** Work instruction **
Take the line containing "this 540×304 image." and each line after it through the end of the data below, and return them exactly, minus any pictures.

** Entries shown **
______

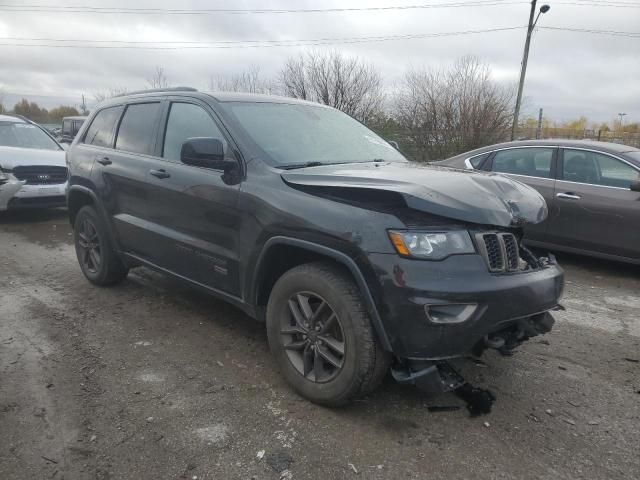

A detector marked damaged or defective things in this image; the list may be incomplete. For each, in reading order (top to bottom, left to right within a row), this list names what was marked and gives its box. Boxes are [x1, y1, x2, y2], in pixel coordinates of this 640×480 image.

damaged jeep grand cherokee [67, 89, 564, 404]
cracked hood [282, 162, 548, 228]
crumpled front bumper [364, 251, 564, 360]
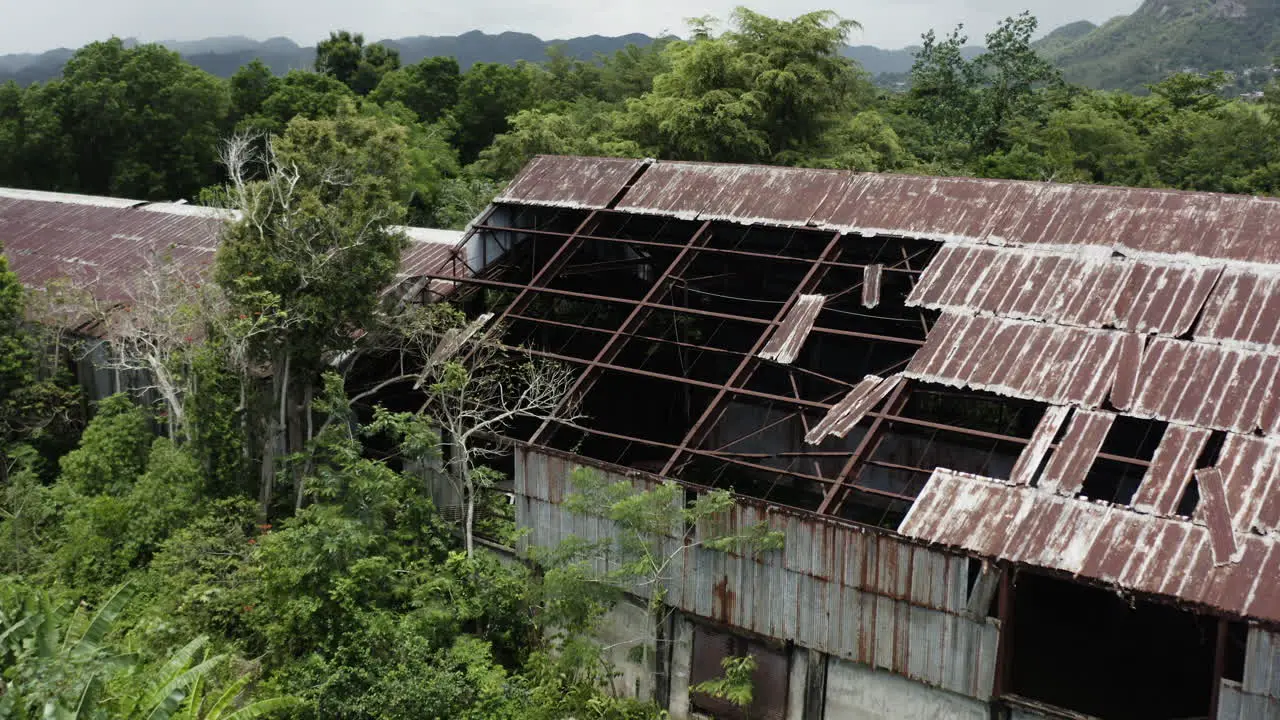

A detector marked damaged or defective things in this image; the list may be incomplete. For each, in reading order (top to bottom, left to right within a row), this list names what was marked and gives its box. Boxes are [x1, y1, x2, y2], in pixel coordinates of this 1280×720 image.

rusted metal [492, 153, 648, 207]
rusty steel beam [470, 222, 920, 276]
rusty steel beam [528, 219, 712, 444]
rusty steel beam [416, 272, 924, 348]
rusty steel beam [660, 231, 848, 478]
rusted metal [756, 292, 824, 362]
rusty steel beam [820, 380, 912, 516]
rusted metal [1008, 408, 1072, 486]
rusted metal [1048, 410, 1112, 496]
rusted metal [1128, 424, 1208, 516]
rusted metal [900, 472, 1280, 624]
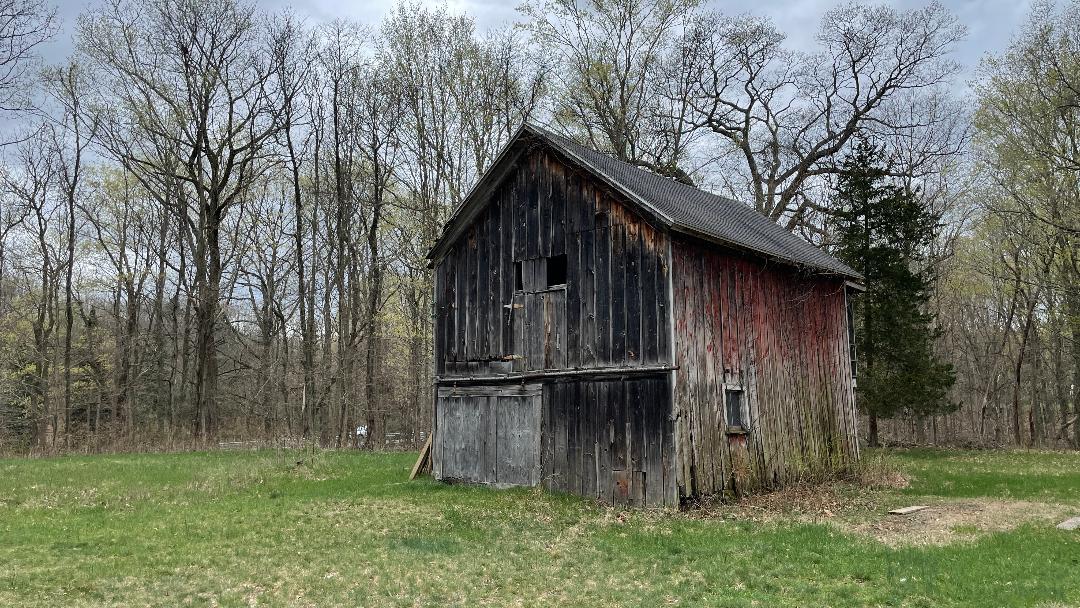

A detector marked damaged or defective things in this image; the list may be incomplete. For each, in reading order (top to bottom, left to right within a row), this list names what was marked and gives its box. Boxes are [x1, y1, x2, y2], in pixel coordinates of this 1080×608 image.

broken loft window opening [544, 254, 570, 287]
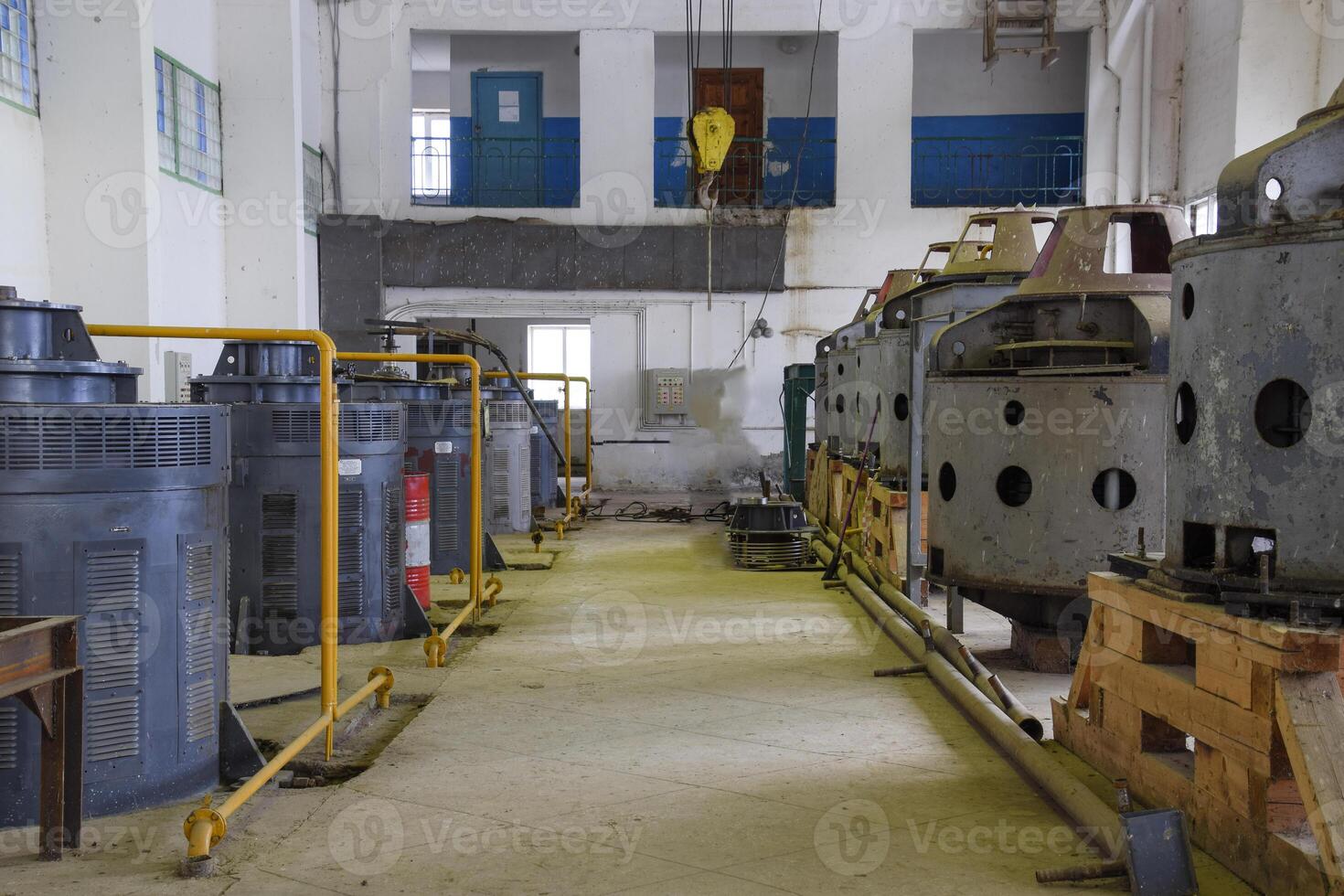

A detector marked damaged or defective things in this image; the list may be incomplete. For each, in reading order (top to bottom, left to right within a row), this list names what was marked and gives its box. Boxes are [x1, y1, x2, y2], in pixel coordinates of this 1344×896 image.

corroded pump casing [925, 205, 1185, 636]
corroded pump casing [1163, 86, 1344, 603]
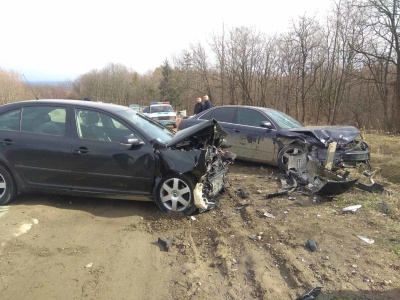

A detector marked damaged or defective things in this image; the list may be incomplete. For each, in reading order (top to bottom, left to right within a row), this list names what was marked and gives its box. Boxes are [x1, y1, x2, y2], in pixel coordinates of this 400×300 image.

damaged silver audi [0, 99, 234, 214]
bent hood [166, 118, 228, 149]
damaged silver audi [180, 105, 370, 171]
bent hood [280, 125, 360, 145]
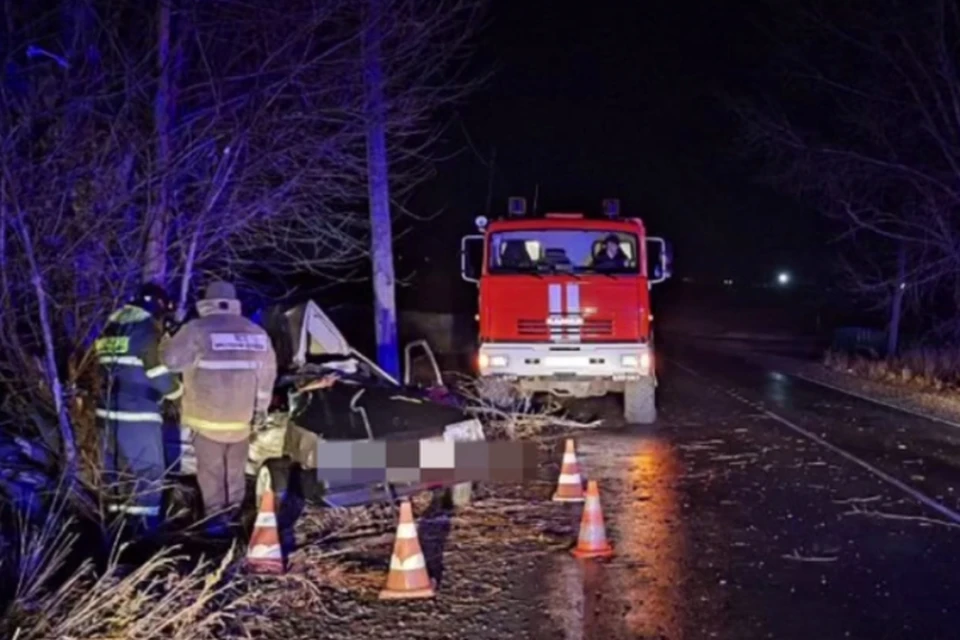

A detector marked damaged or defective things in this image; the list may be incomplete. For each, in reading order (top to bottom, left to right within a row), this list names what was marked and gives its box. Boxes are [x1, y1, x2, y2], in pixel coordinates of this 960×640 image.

shattered windshield [488, 229, 636, 274]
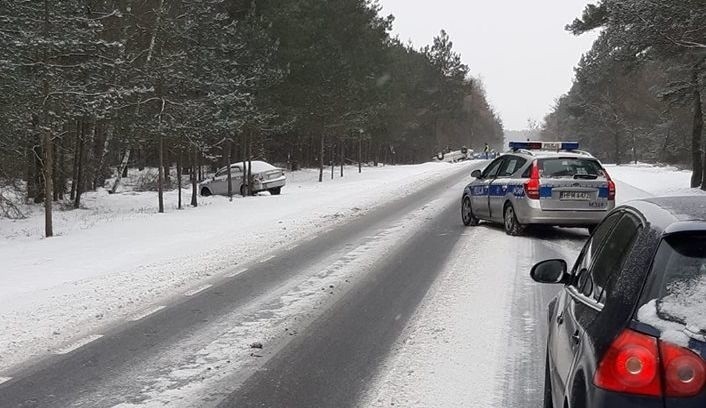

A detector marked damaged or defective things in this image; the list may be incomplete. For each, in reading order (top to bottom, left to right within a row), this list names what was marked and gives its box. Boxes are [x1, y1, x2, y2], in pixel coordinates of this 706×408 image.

distant crashed vehicle [199, 160, 284, 197]
distant crashed vehicle [460, 141, 612, 234]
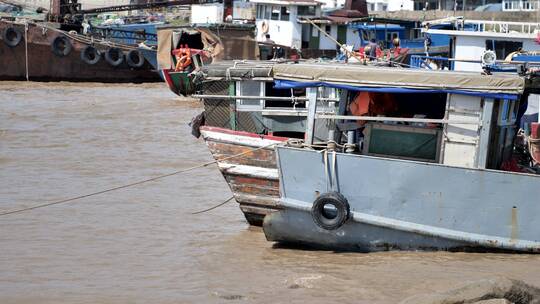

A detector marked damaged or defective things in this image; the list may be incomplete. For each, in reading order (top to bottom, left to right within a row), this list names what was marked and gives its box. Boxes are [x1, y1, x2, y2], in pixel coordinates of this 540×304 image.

rusted hull [0, 20, 159, 82]
rusted hull [200, 125, 286, 226]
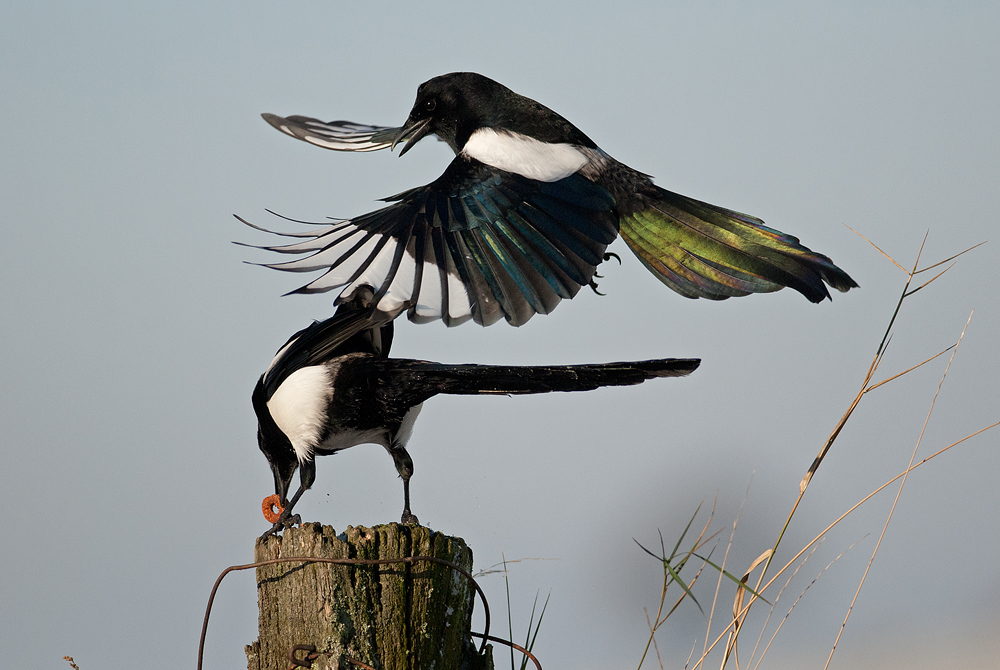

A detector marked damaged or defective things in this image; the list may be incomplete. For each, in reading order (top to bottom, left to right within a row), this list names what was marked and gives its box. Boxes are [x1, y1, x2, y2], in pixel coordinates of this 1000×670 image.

rusty wire [197, 552, 494, 670]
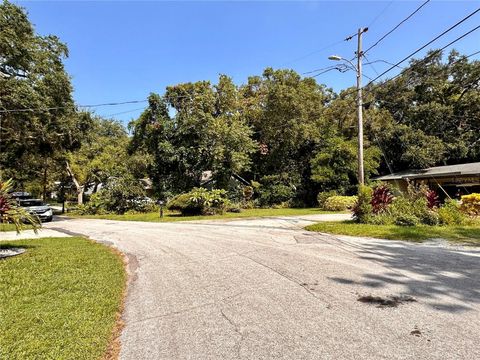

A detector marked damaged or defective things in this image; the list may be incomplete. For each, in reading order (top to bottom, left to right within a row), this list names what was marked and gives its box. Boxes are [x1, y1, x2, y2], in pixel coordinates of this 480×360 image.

cracked concrete driveway [43, 214, 478, 360]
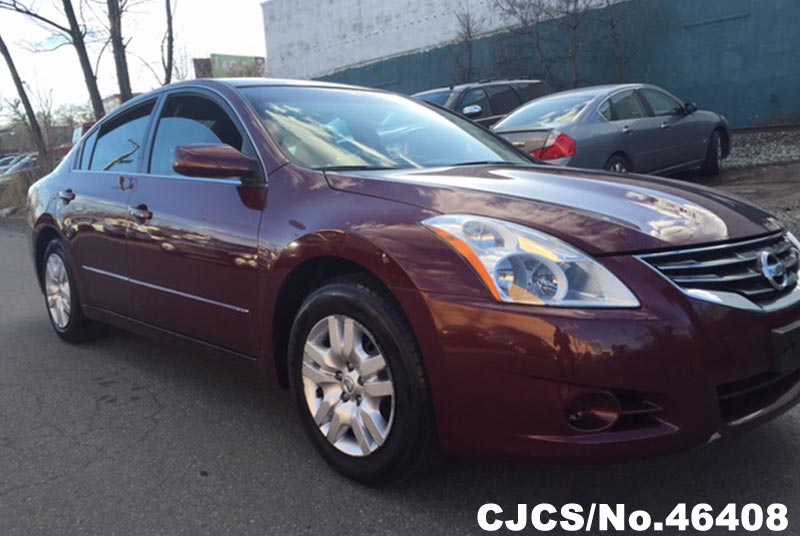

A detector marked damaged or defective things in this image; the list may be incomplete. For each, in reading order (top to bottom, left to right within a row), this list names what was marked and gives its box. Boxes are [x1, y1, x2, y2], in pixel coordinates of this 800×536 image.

cracked pavement [1, 191, 800, 532]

______

** Answer below **
A detector marked damaged or defective things in this image; the list may be incomplete. For each, in reading order (top to bottom, left to right within a row), this list names what was marked and gives its box. Boxes are [x1, y1, x2, y2], in pixel coordinates of this 540×304 image.

rusted hull [0, 20, 159, 82]
rusted hull [200, 125, 286, 226]

A detector marked damaged or defective things in this image; the list may be incomplete. For each, in reading order (top to bottom, left to right within a row), this list names what was marked and gives its box. Boxes are [x1, y1, x2, y2], in pixel coordinates of this 1000×670 image.

rusty wire [197, 552, 494, 670]

A detector marked damaged or defective things in this image; the list may be incomplete. For each, in reading order (top to bottom, left to right within a row), this list names what was marked and gives its box. Boxes are [x1, y1, x2, y2], in pixel coordinates of this 480×360 image.

cracked concrete driveway [43, 214, 478, 360]

A detector marked damaged or defective things in this image; the list may be incomplete. For each, in reading order (top to bottom, left to right within a row), this list names what was marked and gives its box. Boxes are [x1, y1, x2, y2], in pixel coordinates of this 800×536 image.

cracked pavement [1, 191, 800, 532]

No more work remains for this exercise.